Congress government in Puducherry is the second to fall in less than a year

Process avoids provisions of anti-defection statute, allows lawmakers to switch parties

February 22, 2021 08:51 pm | Updated 09:19 pm IST - New Delhi

Puducherry Chief Minister V. Narayanaswamy addresses the House during the floor test, in Puducherry on February 22, 2021.

Puducherry Chief Minister V. Narayanaswamy addresses the House during the floor test, in Puducherry on February 22, 2021.

As the V. Narayanasamy-led government in Puducherry collapsed on the floor of the Assembly on Monday, Congress leaders lashed out at the BJP for “toppling” elected governments, with Rajasthan Chief Minister Ashok Gehlot claiming that the saffron party had tried it in his State as well.

The elected government in Puducherry became the second Congress government, in less than a year, to have been dislodged in an identical manner.

In March last year, the Kamal Nath-led government in Madhya Pradesh (M.P.) lost power after 22 MLAs, many of whom were Jyotiraditya Scindia loyalists, resigned from the Assembly.
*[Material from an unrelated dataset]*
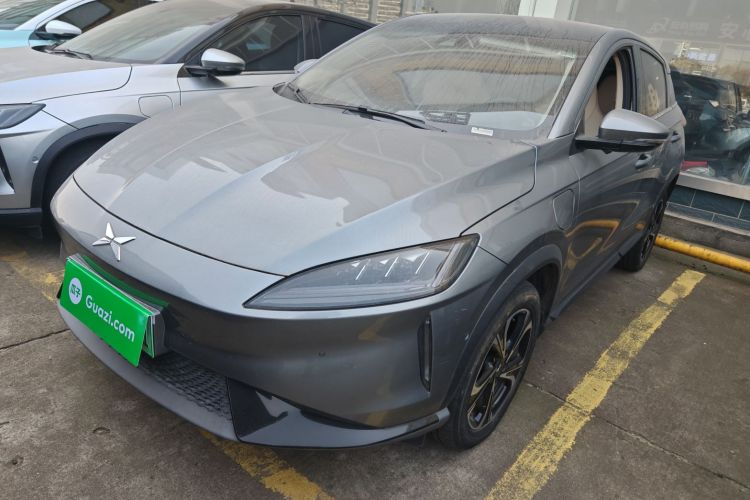 小鹏G3 2020款 520 智享版车身外观1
Many of them eventually joined the BJP and have been re-elected in subsequent bypolls.

Reacting to the developments in Puducherry, Mr. Gehlot, in a series of tweets, said this was yet another case of how the BJP was destabilising the Congress governments to grab power through unethical means.

“First, they created problems in running the administration through the Lieutenant Governor and now this has happened,” Mr. Gehlot said, adding, “Luring Congress MLAs has been their modus operandi in all Congress ruled states. We saw this in Karnataka, M.P. & now in #Puducherry. They tried it in Rajasthan but people of Rajasthan taught them a lesson.

In the past few years, open revolt against a chief minister followed by resignation of MLAs has been a common route to bring down State governments while escaping the provisions of the anti-defection law.

The law requires two-third of the lawmakers to quit the parent party in order to legally merge with another party. However, an MLA can “voluntarily” give up the membership of the Assembly.

In 2018, the H.D. Kumarswamy-led Congress-Janata Dal-Secular (JD-S) government also collapsed on the floor of the House after 15 rebel MLAs belonging to the Congress and JD-S resigned; many of them subsequently joined the BJP.

“@BJP4India kills democracy again. Using ED, IT & other agencies, spending crores of rupees they have toppled an elected govt. @INCIndia will go to the people, the people of #Puducherry will give a befitting reply in the elections,” tweeted Dinesh Gundu Rao, the All India Congress Committee in-charge of Tamil Nadu, Puducherry and Goa.

While a section of the Congress leaders in Delhi believe that the fall of the Puducherry government may help the party with “sympathy” factor and negate anti-incumbency, others believe it to be warning sign for things to come in poll bound Tamil Nadu where the Congress is part of the Dravida Munnetra Kazhagham (DMK)-led alliance.

During the 2017 Assembly elections in Goa and Manipur, the Congress had emerged as the single largest party but the governors had invited the BJP-led alliances in these States.

Beyond Puducherry, the developments are also a warning to the Congress leadership about the problems it faces in the States. Mr. Gehlot’s tweets about Rajasthan are a reminder of his frosty relationship with the former Deputy CM, Sachin Pilot, who had led a rebellion last July. With Mr Pilot now starting mass contact programmes on his own, the Congress' problems are far from over.

In Maharashtra, where the Congress shared an uneasy alliance with Shiv Sena and the Nationalist Congress Party (NCP) as part of the Maha Vikas Aghadi government, the appointment of Nana Patole, who resigned as Speaker of the Maharashtra Assembly, had added to the friction between allies as they were not consulted.

Kerala Chief Minister Pinarayi Vijayan slammed the developments in Puducherry on Monday accusing the BJP of replacing democracy with money and communalism. He also accused Congress legislators of queuing up to switch sides and reducing the party to a commodity.

“What we saw in Puducherry is a business deal between those who are willing to sell and buy democracy. It’s a shameful chapter in Indian democracy! BJP is playing a dangerous game of replacing democracy with money & communalism,” he said in a series of tweets.

Mr. Vijayan added: “When INC reduces itself to a commodity that can be bought by BJP, it is the Left and democratic forces that put forth alternative politics. Puducherry reminds us of the need to strengthen such forces that are unwavering in their defence of democracy, secularism and development.”